The search of defendant’s car and cell phones were justified by probable cause and, as to the phones, a warrant. His warrantless strip search, however, was not properly justified from its inception, and it is suppressed. United States v. Peterson, 2019 U.S. Dist. LEXIS 69922 (E.D. Va. Apr. 25, 2019):

C. The Strip Search

Courts apply a “‘flexible test’ to determine the reasonableness of a broad range of sexually invasive searches,'” including strip searches. United States v. Edwards, 666 F.3d 877, 883 (4th Cir. 2011) (quoting Amaechi v. West, 237 F.3d 356, 363 (4th Cir. 2001)). In considering the reasonableness of a strip search, courts must “balance[e] the need for the particular search against the invasion of personal rights that the search entails.” Bell v. Wolfish, 441 U.S. 520, 559, 99 S. Ct. 1861, 60 L. Ed. 2d 447 (1979). Specifically, courts consider the following factors: “1) the place in which the search was conducted; 2) the scope of the particular intrusion; 3) the manner in which the search was conducted; and 4) the justification for initiating the search.” Edwards, 666 F.3d at 883.

In this case, the first factor weighs in favor of reasonableness because Hagen searched Peterson in a private shower area. See Polk v. Montgomery Cnty., 782 F.2d 1196, 1201-02 (4th Cir. 1986). Nonetheless, the scope of the intrusion was as broad as possible because Peterson had to remove every article of clothing. Hagen saw a plastic baggy sticking out from the side of Peterson’s groin area only after Hagen directed Peterson to take off all his clothes. See Hr’g Tr. 235:22-23 (“As soon as he pretty much dropped his underwear I could see it.”). With respect to the manner of the search, Hagen never touched or grabbed Peterson during the search, nor did Hagen expose Peterson to any danger. When Hagen asked Peterson about the plastic attached to his groin area, Peterson simply removed two plastic baggies and handed them to Hagen. Cf. Edwards, 666 F.3d at 885 (noting that an officer’s “use of a knife in cutting the sandwich baggie off [the defendant’s] penis posed a significant and an unnecessary risk of injury” to the defendant”).

The justification for the search, however, strongly weighs against reasonableness.
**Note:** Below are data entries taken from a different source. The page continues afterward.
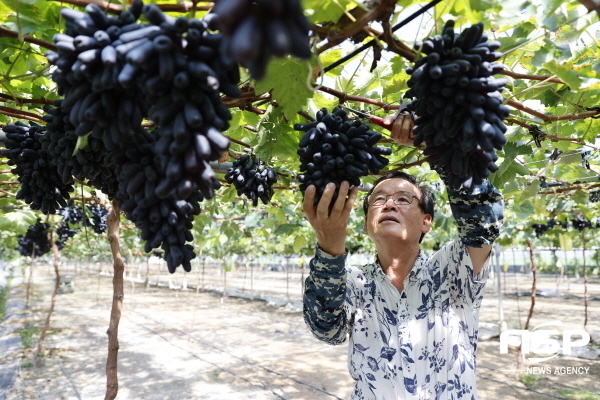 NSP통신- (보성군)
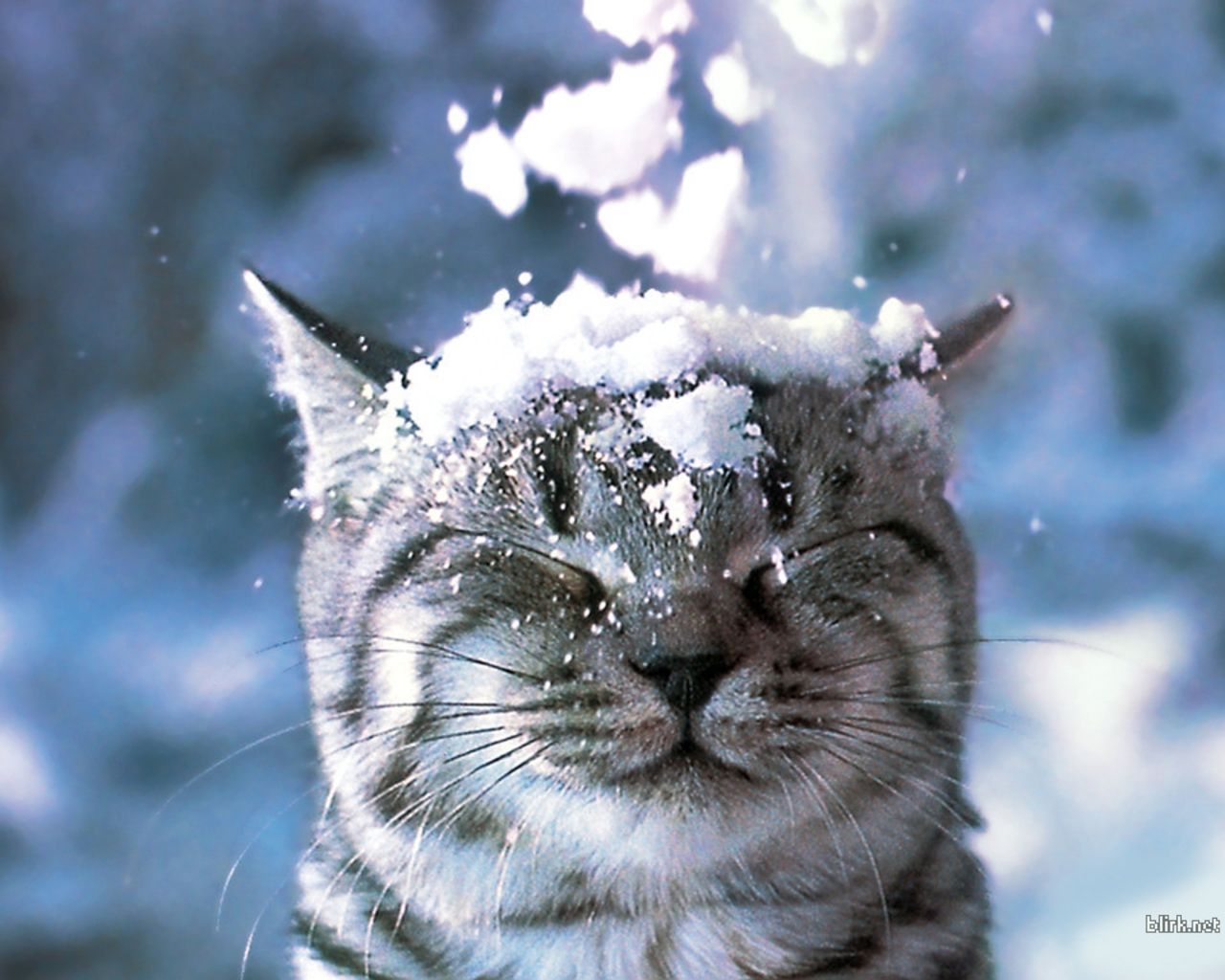 Winter Tiere Hintergrundbild 1280x1024. Cats Wallpaper: Cat in the Snow Wallpaper. Kittens cutest, Cute animals, Cats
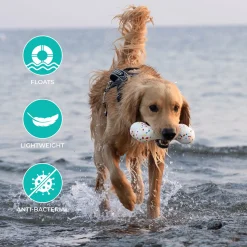 Shedrow K9 FlexiPlay Bone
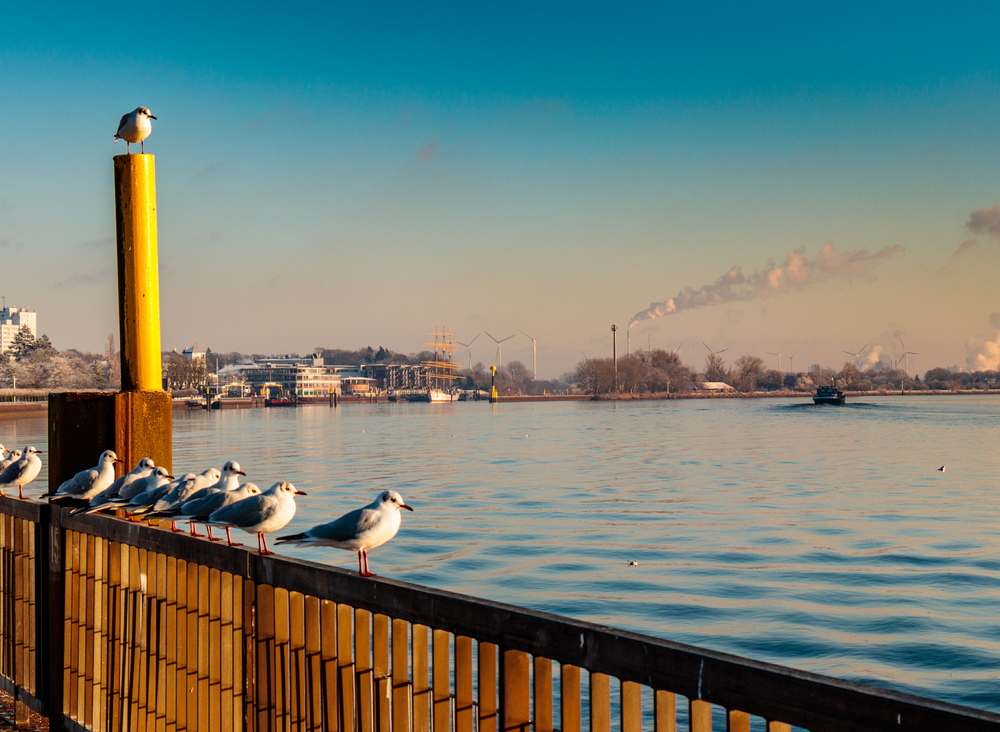 Weserblick in Vegesack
Russell asked Hagen to search Peterson after Russell had twice frisked Peterson at the roadside and after a magistrate had released Peterson on a personal recognizance bond. Russell had no concerns for his safety or the safety of others at Pamunkey Regional Jail—he simply had a hunch that Peterson had illegal drugs hidden under his clothes. See Winston v. Lee, 470 U.S. 753, 767, 105 S. Ct. 1611, 84 L. Ed. 2d 662 (1985) (holding that sexually invasive searches require “a more substantial justification”). Moreover, “[a]t no time would [Peterson]… be intermingled with the general jail population,” Logan, 660 F.2d at 1013, so any concerns about inmate safety cannot justify the search. Cf. Florence v. Bd. of Chosen Freeholders, 566 U.S. 318, 330, 132 S. Ct. 1510, 182 L. Ed. 2d 566 (2012) (“Correctional officials have a significant interest in conducting a thorough search as a standard part of the intake process.”).